THE Minister of Power, Works and Housing, Mr. Babatunde Fashola, has ad­vised owners of power as­sets, especially in the distri­bution arm of the electricity value chain, to embrace new commercial behaviour suit­able for operating optimally in the new commercial envi­ronment of the power sector.

Fashola made the remark in Abuja while receiving a delegation from the Nigeria Economic Summit Group (NESG) led by its Vice Chairman, Mrs. Sola David- Borha. He said power asset owners should be ready to bring in more funds by of­fering to dilute their stakes in exchange for sorely need­ed inputs like meters, trans­formers and other equip­ment required for systems upgrade, insisting that it would make more business sense to give up some shares in exchange for funds and capital.

The Minister hinted that if this advice is acceded to, it will make for redistribu­tion of their risk assets in exchange for equipment and capacity to drastically reduce the prevailing high occurrences of commercial and technical losses.

He further reminded the power asset owners that the success of the privatisa­tion exercise of the sector solely rests on the distribu­tion end in the value-chain hence, urging them to step up their collections to meet the time-lines agreed with government for all parties to respect agreements and take full responsibility for their actions.

The Minister commended the leadership of NESG for expressing the group’s will­ingness to partner with his Ministry in proffering solu­tions through constant en­gagements with the NESG/ Private Sector-led economic think-tank working on the three main sectors under his purview, which are criti­cal areas of growth and de­velopment in the nation’s economy.

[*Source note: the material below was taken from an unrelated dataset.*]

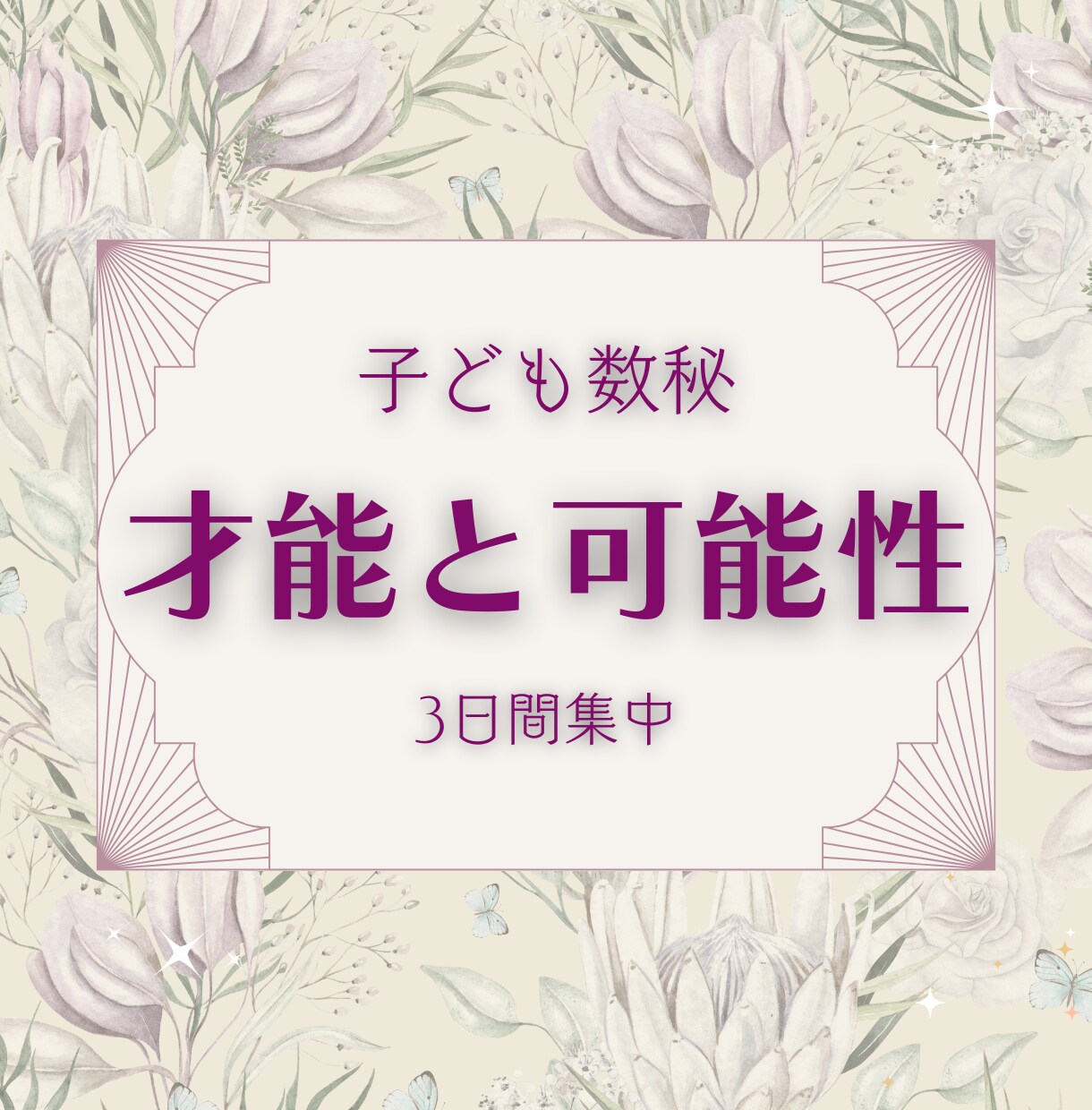 数秘術✦子育て診断｜育児のヒントをお伝えします 発達・こだわり・やる気…気になる子どもの傾向を数秘で見える化 イメージ2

He said that governments exist because of the private sector’s large segments of people, from the unem­ployed to the big corpora­tions, while enjoining distri­bution companies to brace up in overcoming some of the challenges currently faced by the sector.

Fashola also reminded Nigerians that the new tariff regime which is cost-reflec­tive is not to short-change customers but to improve on the level of liquidity available to the entire elec­tricity value chain.